Under this line is a listing; return exactly the lines starting at the one with "Workman Publishing ??Brain" and running down to the one with "마이크로텍 USB 3.0", and leave out its pictures.

(MATERIALS PROVIDED):
▼▼▼
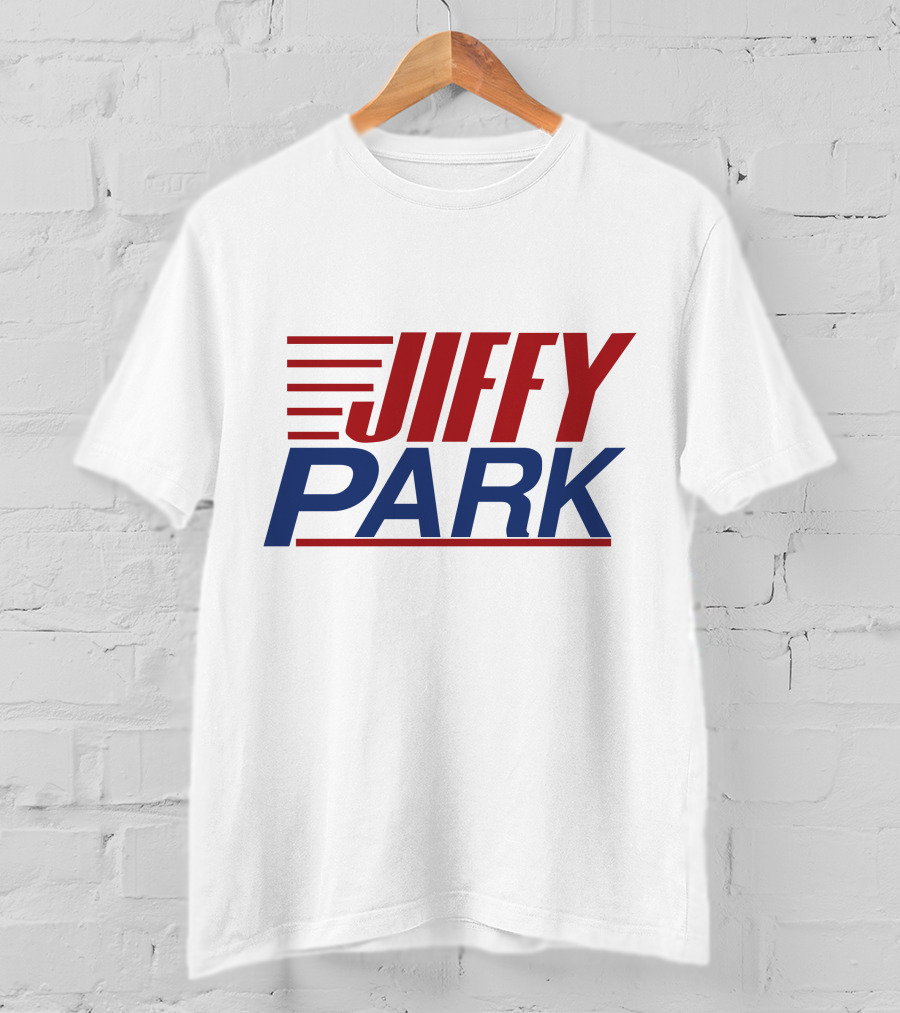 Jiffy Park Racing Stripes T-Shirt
▲▲▲
▼▼▼
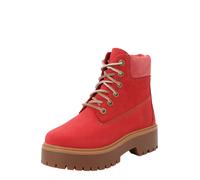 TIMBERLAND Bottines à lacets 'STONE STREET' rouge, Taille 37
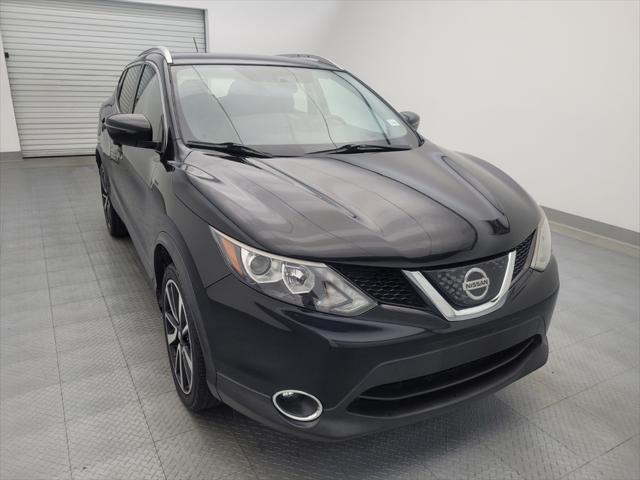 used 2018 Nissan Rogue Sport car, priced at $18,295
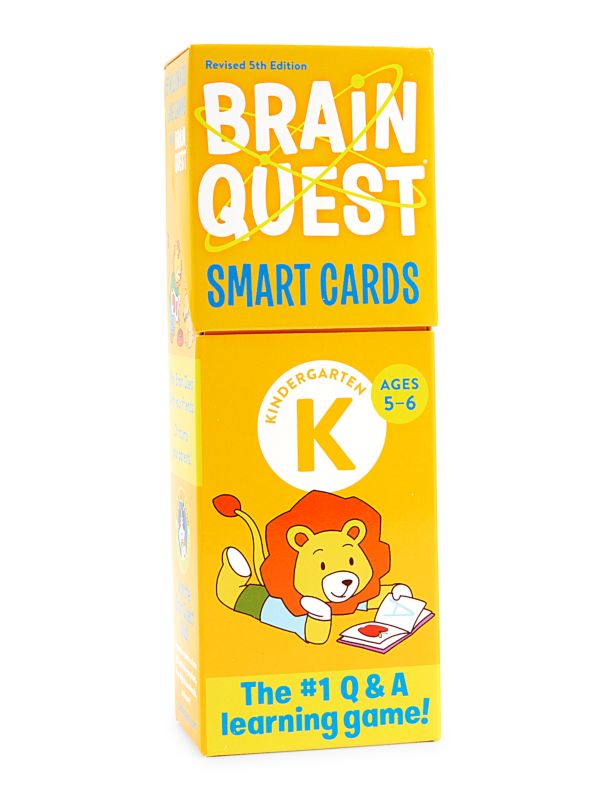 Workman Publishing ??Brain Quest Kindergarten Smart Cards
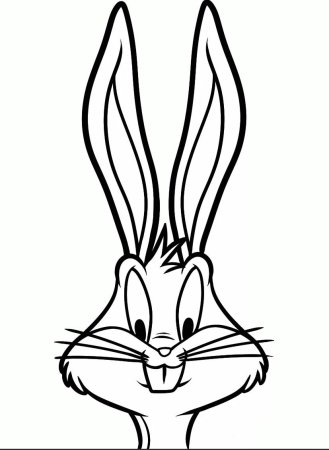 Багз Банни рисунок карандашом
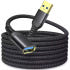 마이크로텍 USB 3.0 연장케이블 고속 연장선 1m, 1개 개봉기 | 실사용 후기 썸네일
▲▲▲
(REPLY TO THE EXERCISE):
 Workman Publishing ??Brain Quest Kindergarten Smart Cards
 Багз Банни рисунок карандашом
 마이크로텍 USB 3.0 연장케이블 고속 연장선 1m, 1개 개봉기 | 실사용 후기 썸네일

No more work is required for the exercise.